[Dataset extract]
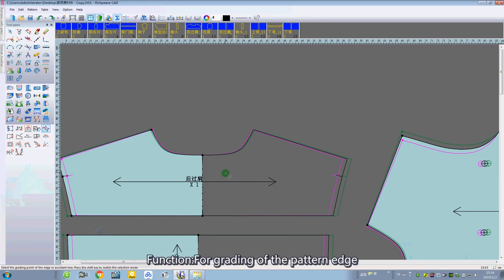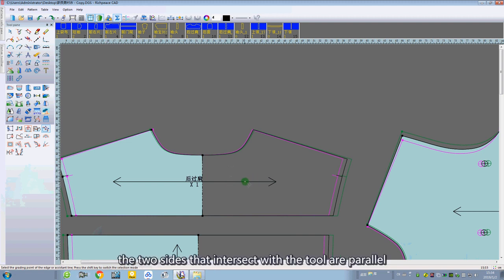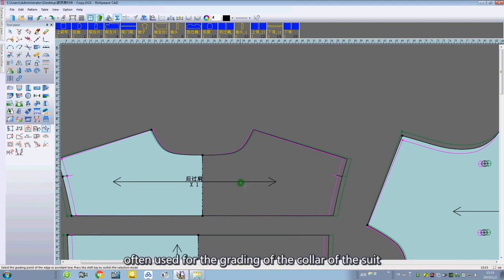Function: for the gradient of the pattern edge, the two sides that intersect with the tool are parallel, often used for the gradient of the color of the field.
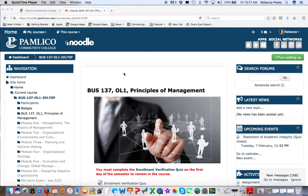Welcome to Business 137, Principles of Management. My name is Rebecca Pesco, and welcome to the class. Glad to have you here. Please take a few minutes to listen to this entire video — it's the overview of what to expect.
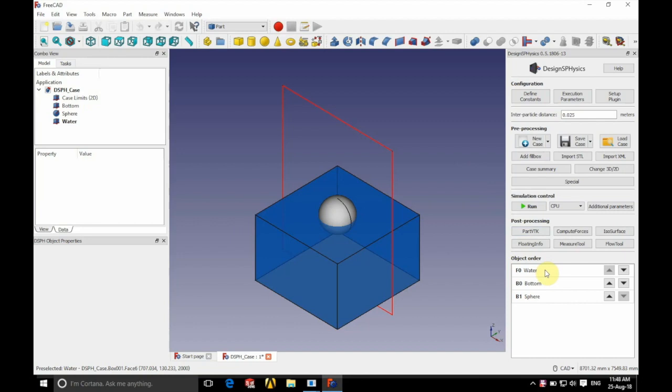So as you can see on the right hand side in object order we have the order of our parts as water, bottom and sphere.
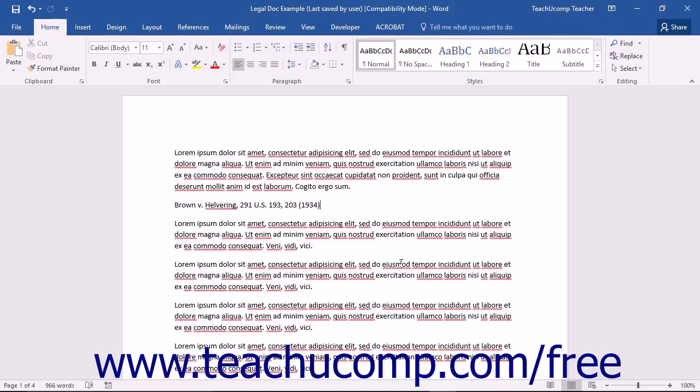As when creating a Table of Contents or a bibliography within Word, you must first mark the citations within your legal document before you compile your Table of Authorities. When you mark a legal citation, Word will insert a hidden TA or Table of Authorities entry field within your document next to the cited text.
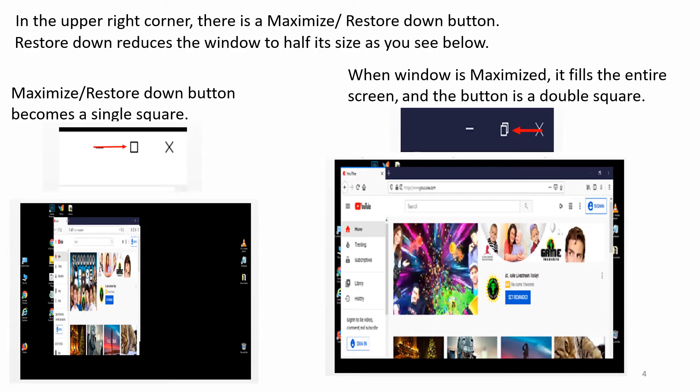In the upper right corner, there is a Maximize, Restore Down button. Restore Down reduces the window to half its size. The Maximize or Restore Down button becomes a single square. When the window is maximized, it fills the entire screen and the button is a double square.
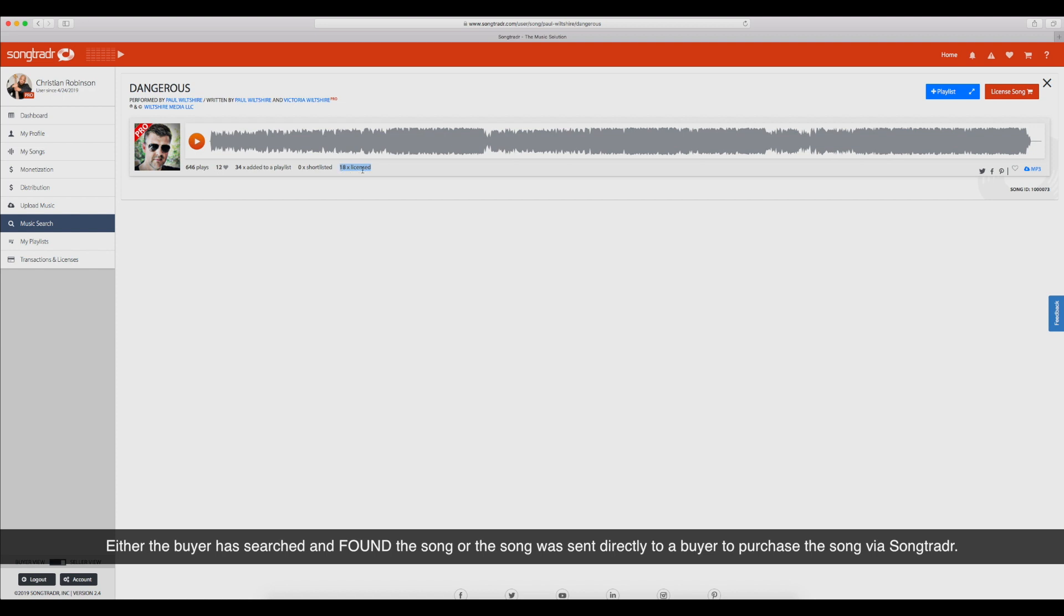But now it makes sense why it's licensed 18 times, because it's showing up first. So it goes right back to my suspicion that that's a problem. You are doctoring or manipulating the searches where your song shows up first.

[Task requirements] Your answer must be the entries written out word for word, without their pictures.

[Final answer]
Function: for the gradient of the pattern edge, the two sides that intersect with the tool are parallel, often used for the gradient of the color of the field.
Welcome to Business 137, Principles of Management. My name is Rebecca Pesco, and welcome to the class. Glad to have you here. Please take a few minutes to listen to this entire video — it's the overview of what to expect.
So as you can see on the right hand side in object order we have the order of our parts as water, bottom and sphere.
As when creating a Table of Contents or a bibliography within Word, you must first mark the citations within your legal document before you compile your Table of Authorities. When you mark a legal citation, Word will insert a hidden TA or Table of Authorities entry field within your document next to the cited text.
In the upper right corner, there is a Maximize, Restore Down button. Restore Down reduces the window to half its size. The Maximize or Restore Down button becomes a single square. When the window is maximized, it fills the entire screen and the button is a double square.
But now it makes sense why it's licensed 18 times, because it's showing up first. So it goes right back to my suspicion that that's a problem. You are doctoring or manipulating the searches where your song shows up first.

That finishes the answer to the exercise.